Centuries later, these ideas still plague Indonesian society and media. Anti-blackness is rampant. You only have to look at the treatment of the East Timorese, and the genocide and occupation that continues unnoticed in West Papua.

The problem of colourism is not specific to Indonesia, but is prevalent throughout South and East Asia, particularly in India, where British-stoked caste systems, Dalit racism, anti-blackness and Bollywood meet in a deadly web of violence, slavery and discrimination.

Shuffling back and forth between Indonesia, India and Australia throughout my teenage years, I encountered a pattern of conflicting images and messages.

On my television screen at home, Dove beauty campaigns preached acceptance of “all body types” while in my father's home in Jakarta, Unilever (the same multi-national, Dutch company that owns Dove) advertised a smorgasbord of products to lighten skin.

Coming home to Australia, where my friends would remark at how “black” I looked (a compliment) was a disconcerting and alienating experience for a young girl. After all, I had just spent two weeks being told that my skin colour was undesirable.
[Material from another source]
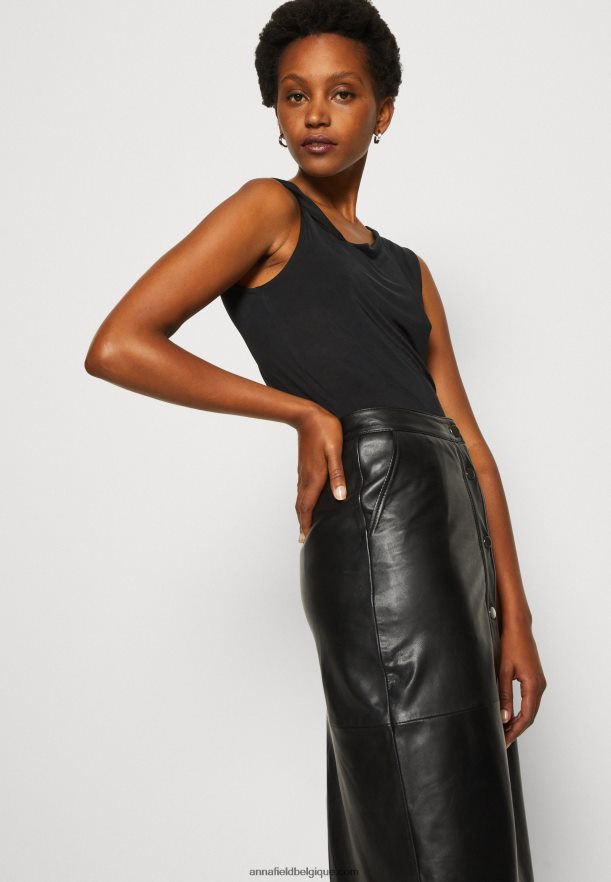 femmes haut noir Anna FieldNHH26B474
Thinking about the way in which white Westerners prize tanned skin, and fork out money for fake tans and solariums, it becomes clear that this desire for brownness is due to another class bias. Those with tanned skin can afford to go on holiday and relax outside instead of working.
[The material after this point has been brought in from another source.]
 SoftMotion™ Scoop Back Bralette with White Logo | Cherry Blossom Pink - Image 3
Similarly, my family's access to whitening products was due to their social status as upper middle-class Javanese. It was these two conflicting, but intrinsically linked class systems that meant my skin could simultaneously repulse my family, but be celebrated and emulated (at some cost) by my white friends.

During my most recent visit to Jakarta, I was saddened to see that the rituals I observed so achingly as a teenager were still ever-present. When I saw the #UnfairAndLovely campaign on my newsfeed at home, I could not help but wish that something like it had existed when I was 13.

Seeing dark-skinned South Asian women celebrating their colour might have made the treacherous path to self-acceptance a little easier. Those images of reclamation and radical self-love might have been enough to counter the white-washed media I was bombarded with.